Measuring the performance of cohort groups, or let’s call them enrollment groups for a little while longer, is the best way to monitor the performance of any direct marketing business that continually acquires new customers, new members, or new subscribers and is concerned with possible attrition. For all practical purposes that means all direct marketers. Yet not all direct marketers have systems in place that monitor cohort performance.
The Chart below shows monthly attrition rates for individual enrollment groups and the average attrition rate by month for all enrollment groups (the last set of bars). A marketer looking at this graph would immediately notice that enrollment groups 14, 15 and 16 are performing well below the average behavior of prior enrollment groups. Without enrollment group reporting a marketer would have to rely on monitoring trends in overall or average churn rates. (The average churn rate is defined by the number of attriters in a period divided by the number of customers at the start of the period.) Measuring overall churn will frequently miss trends that are due to changes in acquisition strategy or competitive conditions.
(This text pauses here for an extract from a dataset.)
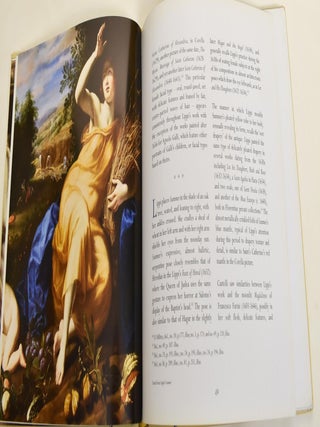 A Florentine Four Seasons and A Matteo Rosselli Altarpiece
Generally, direct marketers do not stop at reporting at the enrollment group level. The more common practice is to subdivide the enrollment group by major media source so that the performance of say all direct mail or all print acquired customers can be tracked. Frequently a change in enrollment group behavior can be quickly traced to a change in the mix of new customers -- customers acquired from direct mail generally perform better than customers acquired from print, and they tend to perform better than customers acquired from broadcast, who tend to perform better than customers acquired from outbound telemarketing and so on. (Remember I said generally, so your experience may differ.)
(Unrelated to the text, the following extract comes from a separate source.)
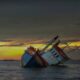 Kapal PMI Ilegal Karam di Malaysia, DPR Soroti Dugaan TPPO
So, the usual cohort group is an enrollment group broken down by major media. Cohort reporting is of course not limited to attrition reporting. One may track overall sales, sales mix, store visits, average purchases or returns, or complaints, or anything else that’s relevant to one's particular business. For example a cable company may want to track upgrade or downgrade behavior as well as overall disconnect rates, and the cohort group could be traced to a particular sales territory or to a particular sales person. Companies with reward programs may want to track points earned or points redeemed by cohort group to get an early warning reading on changes in customer behavior.
Cohort group reporting can also be carried down to the keycode-enrollment group level. At this level cohort reporting is not used for overall trend analysis but for forecasting the lifetime value of individual customer groups. The weighted average projection of all of the cohort groups acquired from the same source (same keycode) represents the lifetime value of the average customer acquired from that particular source. And, this average value can be compared to the cost per order to measure the profitability of the promotion.
Cohort group reporting has been around since the 1970’s. In those days the reporting was done in batch mode at the end of each cycle update. A set of hard copy reports was produced and distributed to the marketing managers who were responsible for new customer acquisition and customer marketing. Today the same information can be produced in a variety of ways including everything from the original hard copy reports to drill down exercises using star schemas to multi-dimensional presentations that represent cohort groups in three dimensional cubes floating around the front of your PC. (In fact, if you were of a mind to do so, you could probably turn your cohort reporting into a screen saver.) The problem with the newer representations of the same old concepts is that one might not recognize the need for the drill down exercise, or the multi-dimensional presentation, so I’m partial to old fashioned hard copy reporting, updated with modern graphics that make changes in performance obvious to anyone willing to look. And, the need to look is just as important today as it always was.